Cryptocurrency Market Size, Analysis By Segmentation And Graphical Overview Forecast To 2026 | Fortune Business Insights – Owned

The global cryptocurrency market to gain from increasing Internet penetration worldwide. Recently Fortune Business Insights has announced a report titled, Cryptocurrency Market Size, Share and Global Trend by Component (Software, Services), Process (Transaction, Mining), Type (Bitcoin, Etherum, Litecoin, Ripple, Dashcoin), End User, and Geography Forecast till 2026. As per the report North America was leading the global cryptocurrency market in 2017. The growth witnessed is attributable to high adoption of digital currency in the region. The trend is unlikely to change and North America may lead the global cryptocurrency market through the forecast period.

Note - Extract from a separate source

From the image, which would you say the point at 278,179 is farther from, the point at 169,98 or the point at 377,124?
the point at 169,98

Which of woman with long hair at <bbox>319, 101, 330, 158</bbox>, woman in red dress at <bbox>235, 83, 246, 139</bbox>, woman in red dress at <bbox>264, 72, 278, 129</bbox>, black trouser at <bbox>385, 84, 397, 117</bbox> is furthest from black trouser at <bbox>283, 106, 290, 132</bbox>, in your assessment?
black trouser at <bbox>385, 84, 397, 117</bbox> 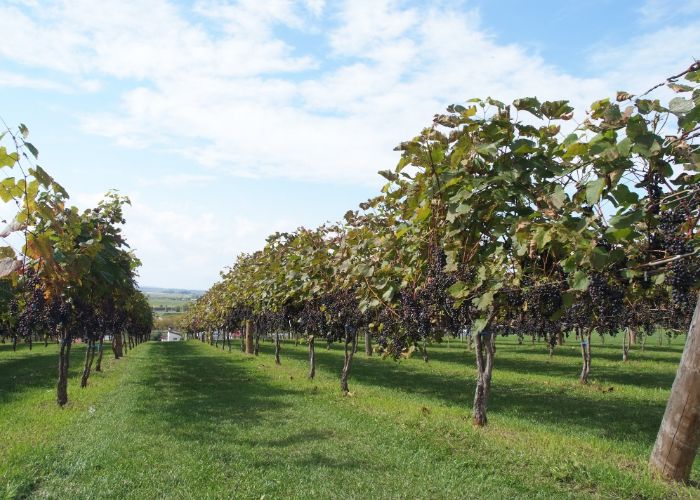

Request a Sample Copy of the Global Market Research Reporthttps://www.fortunebusinessinsights.com/enquiry/sample/Cryptocurrency-market-100149

The rising demand for online financial services in the region is likely to contribute the growth of the market in North America. Besides this, North America holds 27% participants, 39% of wallets, 18% transactions, and 19% of cryptocurrency paymen companies. This is a primary reason behind the high demand witnessed in the region. It also facilitates the higher adoption of cryptocurrency. The cryptocurrency market in Asia pacific is anticipated to expand at a relatively higher CAGR. The growth witnessed is attributable to increasing number of cryptocurrency transactions taking place in the region. Japan is known for major investments in cryptocurrency. Rising investments cryptocurrency have resulted in the formation of new laws for legalization of cryptocurrency under financial service agency. This is a major step taken by Japan and is expected to boost the Asia Pacific cryptocurrency market.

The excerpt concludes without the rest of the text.